Mastellone Hnos. anunció que la totalidad de la energía eléctrica que consume en sus nueve plantas industriales proviene de fuentes renovables. La medida representa una reducción de 37.299 toneladas de CO2 equivalente en emisiones de Gases de Efecto Invernadero (GEI) y convierte a la compañía —fabricante de La Serenísima, la marca láctea líder del país— en un referente del sector en materia de descarbonización operativa.
El logro no fue inmediato. La estrategia energética de Mastellone comenzó en 2020, cuando la compañía incorporó por primera vez energía renovable a su matriz, cubriendo el 28% de su consumo total. Seis años después, ese porcentaje llegó al 100% a través de una serie de acuerdos con generadores de energía limpia.
El salto más significativo ocurrió en octubre de 2024, cuando un acuerdo con MSU Green Energy y su parque solar Pampa del Infierno, ubicado en la provincia de Chaco, llevó la participación renovable al 63%. Dos meses más tarde, en diciembre, un nuevo contrato con Pampa Energía —que aporta energía eólica desde sus parques en Bahía Blanca— elevó esa cifra al 80%. El porcentaje restante se completa con energía hidroeléctrica proveniente de la Central El Chocón – Arroyito, también a través de MSU.
La combinación de tres fuentes —solar, eólica e hidráulica— define hoy la matriz energética de la compañía, diseñada para diversificar el suministro y reducir la dependencia de cualquier fuente única.
Alcance geográfico
Los acuerdos cubren la totalidad de las operaciones industriales de Mastellone: los complejos Pascual Mastellone (General Rodríguez) y Victorio Mastellone (Trenque Lauquen), y las plantas de Canals, Albariños, Leubucó, Mercedes, Villa Mercedes (San Luis) y Junín.
“Haber logrado que el 100% de la energía que requiere Mastellone Hnos. para su operación sea de origen renovable es un gran hito para la empresa y también para los equipos que han trabajado en el proyecto.
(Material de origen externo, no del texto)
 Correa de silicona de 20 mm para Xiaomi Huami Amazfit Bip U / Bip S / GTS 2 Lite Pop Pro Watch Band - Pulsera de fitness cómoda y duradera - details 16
Es parte de una estrategia mayor que contempla el cambio climático e incluye múltiples iniciativas para el mediano y largo plazo”, señaló Juan Alonso, Jefe de Gestión y Control Ambiental de la compañía.
El sector alimentario y lácteo en particular enfrenta una creciente presión para reducir su huella de carbono a lo largo de toda la cadena de valor. En ese contexto, el paso dado por Mastellone apunta directamente al Alcance 2 de sus emisiones —las generadas por el consumo de electricidad—, uno de los frentes clave en cualquier estrategia corporativa de descarbonización.